Patrick M. Winter, Ph.D., an assistant professor of medicine at Washington University, is developing targeted MR agents, including alpha v beta 3-targeted paramagnetic nanoparticles. Tumor neovasculature and the angiogenic processes associated with atherosclerotic plaque development are known to express the anb integrin. It gave Winter targets for very early detection of cancer and atherosclerosis. Additionally, alpha v beta 3 integrin expression can potentially serve as a surrogate marker for the therapeutic response of anti-angiogenic agents. Studies in mice have thus far shown that signals from the nanoparticles can be detected despite the low concentration of integrin.

"By mapping angiogenesis, the nanoparticles will show how aggressive the tumor is and which parts are more aggressive," Winter said.

Such applications of targeted agents will not be common any time soon, however, according to Padhani.

"The problem is that the imaging agent is experimental, so you end up performing the drug trial in addition to validation of the imaging agent in patients. That won't fly with the FDA," he said.

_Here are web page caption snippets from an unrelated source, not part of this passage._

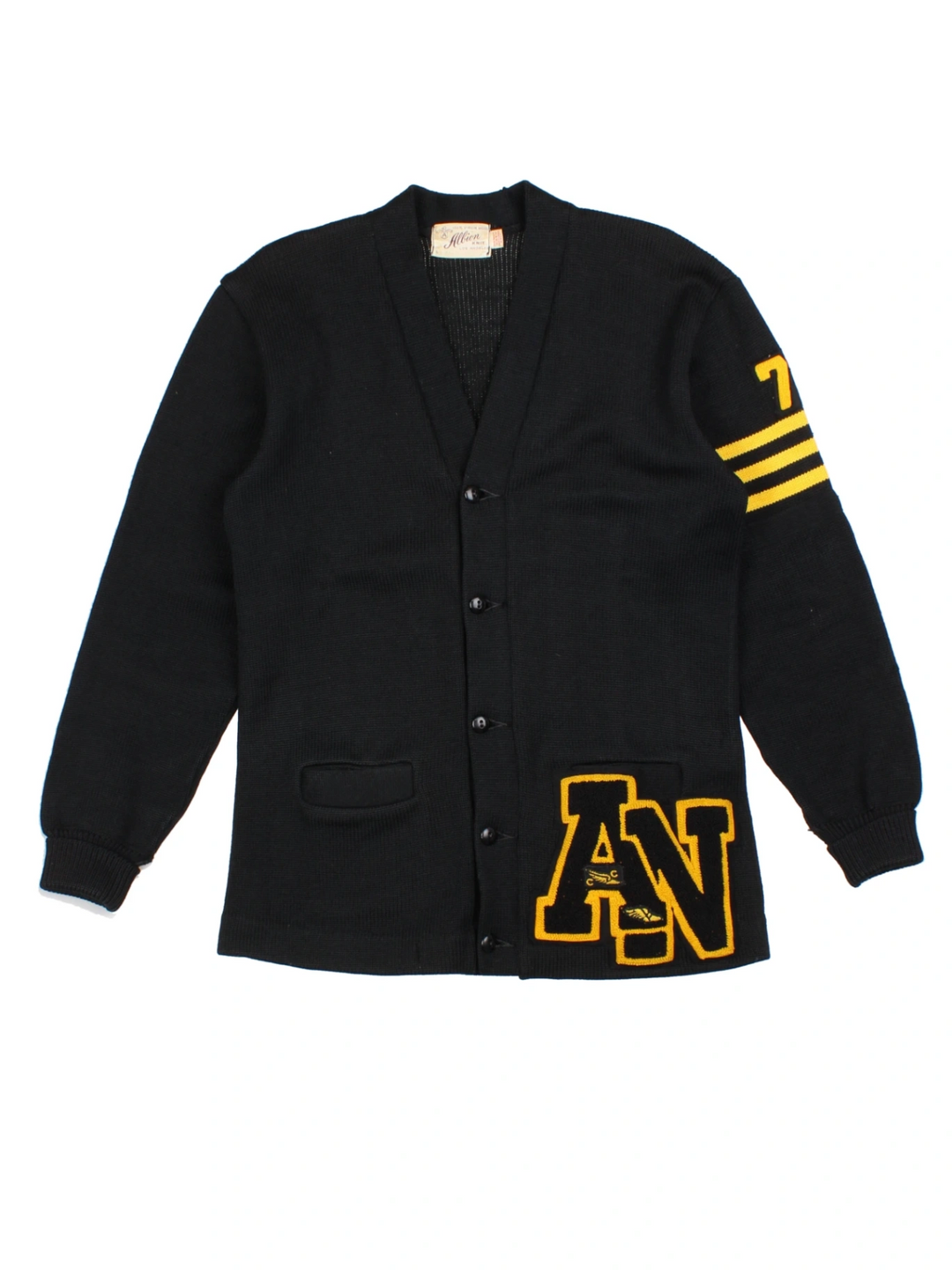 80's Black Varsity Patch Wool Cardigan (Size S)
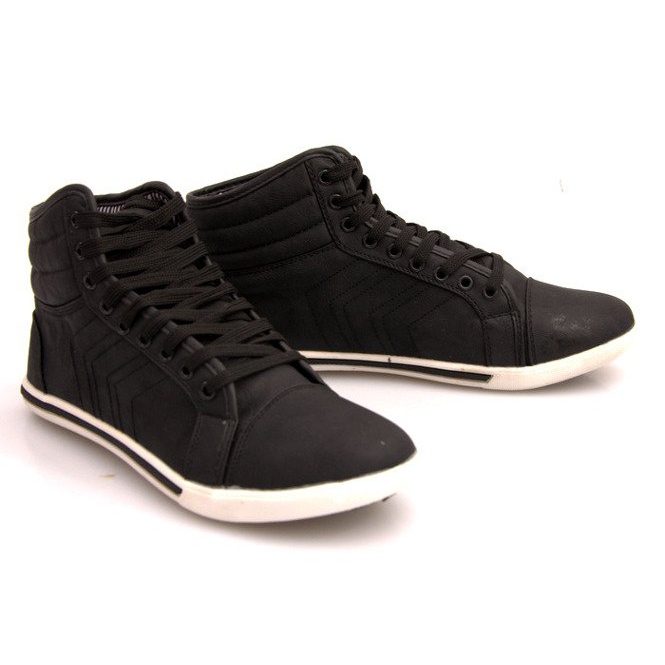 Trendiga High Sneakers 012M Svart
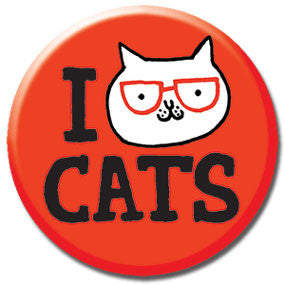 Red I Cat Cats 1" Button by Gemma Correll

Padhani anticipates that most drug developers will continue to rely on conventional imaging such as CT and MRI. Those modalities provide reliable information about toxicity, pharmacodynamics, blood flow, and other variables that can help drug companies decide which agents should be moved through the clinical trial process.

"It's extremely unlikely that the FDA will ever license an anti-angiogenesis drug on the basis of functional imaging changes alone," Padhani said. "They will carry only a little weight with the FDA."

The FDA, however, has plans to incorporate the advantages of MI into its clinical trials criteria. The agency's Critical Path Initiative, adopted in 2004, proposed streamlining the approval process for new imaging probes and related drug candidates. Investigational new drug applications can be approved with toxicology testing on just one animal model, Welch said.

"Before, you had to do at least two and often had to include dogs, which gets very expensive," he said. "It's going to be quicker and less expensive."

Through the Critical Path Initiative, the FDA is striving to allow sponsors to more easily use imaging biomarkers during the IND process, according to Mills. The public comment period for the FDA's proposed critical path rules was closed as of Sept. 1, but the final language for the regulations had not yet been published. Mills is confident that the increased use of imaging biomarkers will have desirable effects.

"This use of imaging biomarkers enables sponsors to move quickly into drug development, to assess drug candidates more readily, to save time and costs that would have been devoted previously to less promising candidates, and to focus energies and economic resources on the more promising drug candidates," he said.